Brazil’s military may have put foot wrong in marching with Bolsonaro

São Paulo Letter: Far-right president distrusts army and sides with forces of paranoia

Brazilian president Jair Bolsonaro speaks to army general Luiz Eduardo Ramos Baptista Pereira: the generals have been serially humiliated by the president and his sons. Photograph: Fernando Souza/AFP/Getty

Brazilian president Jair Bolsonaro speaks to army general Luiz Eduardo Ramos Baptista Pereira: the generals have been serially humiliated by the president and his sons. Photograph: Fernando Souza/AFP/Getty

 

For men steeped in grand strategy, the generals who agreed to serve in the administration of Brazil’s far-right president Jair Bolsonaro increasingly look like they have made a strategic mistake.

Early expectations that this group of retired senior officers would exert some influence and even a measure of control over the mercurial and patently unprepared former army captain are receding rapidly.

Rather than exercising a moderating tutelage, the generals have instead been serially humiliated by the president and his sons, who have been egged on in doing so by the former astrologer Olavo de Carvalho, who serves as their ideological guru.

Victims include a high-profile trio at the heart of the administration – vice-president Hamilton Mourão, former army chief Eduardo Villas Bôas and the one-time head of the UN peacekeeping mission in Haiti, Augusto Heleno. All have suffered online abuse and attacks ranging from accusations of stupidity to insinuations of treason by Carvalho and the Bolsonaro sons, which the president has pointedly refused to repudiate.

When former three-star general Carlos Alberto dos Santos Cruz, a hero of the UN peace enforcement mission in the Democratic Republic of Congo, was summarily dismissed from his ministerial post not long after being called a “starched shit” by Carvalho, he did not hold back.
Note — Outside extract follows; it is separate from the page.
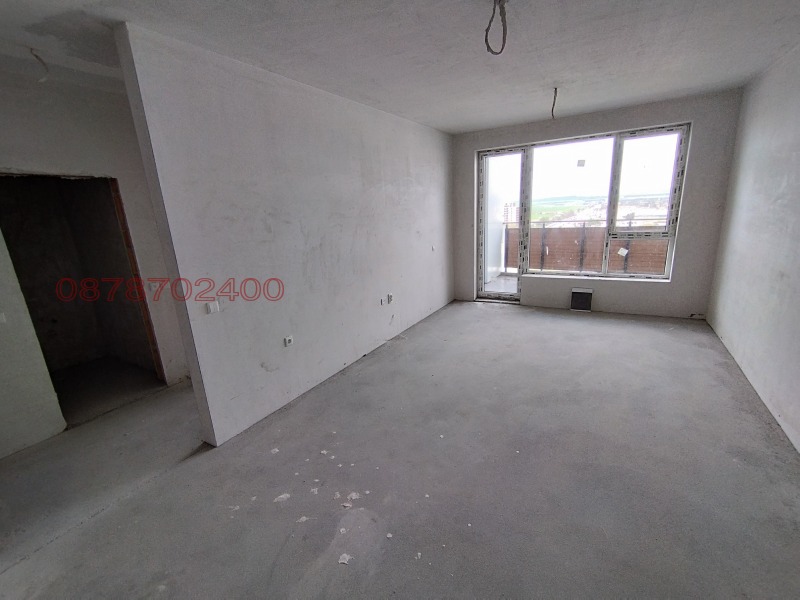 Na prodej  1 ložnice Burgas , Izgrev , 67 m2 | 20845860 - obraz [7]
In an interview he described the Bolsonaros’ way of doing business as having resulted in “a shit show”.

Alt-right faction

For a man who professes to worship the armed forces, Bolsonaro clearly seems to distrust some of the military men in his administration, siding instead with its paranoid, fake-news obsessed alt-right faction inspired by Carvalho and led by his sons.

In doing so, he has confirmed an observation Gen Villas Bôas made last year when he said Bolsonaro did not represent the return of the military to power: “The image of him as a military man comes from outside [of the military]. He is much more of a politician.”

Despite the abuse, there are motives for the military wing of the administration, made up of retired and serving officers but which is by no means a monolithic bloc, to remain in situ. Those officers are behind Brazil’s refusal to sign up for a mooted US military adventure in Venezuela and more generally are a counterweight to the Bolsonaro clan’s oddly servile attitude towards the Trump administration.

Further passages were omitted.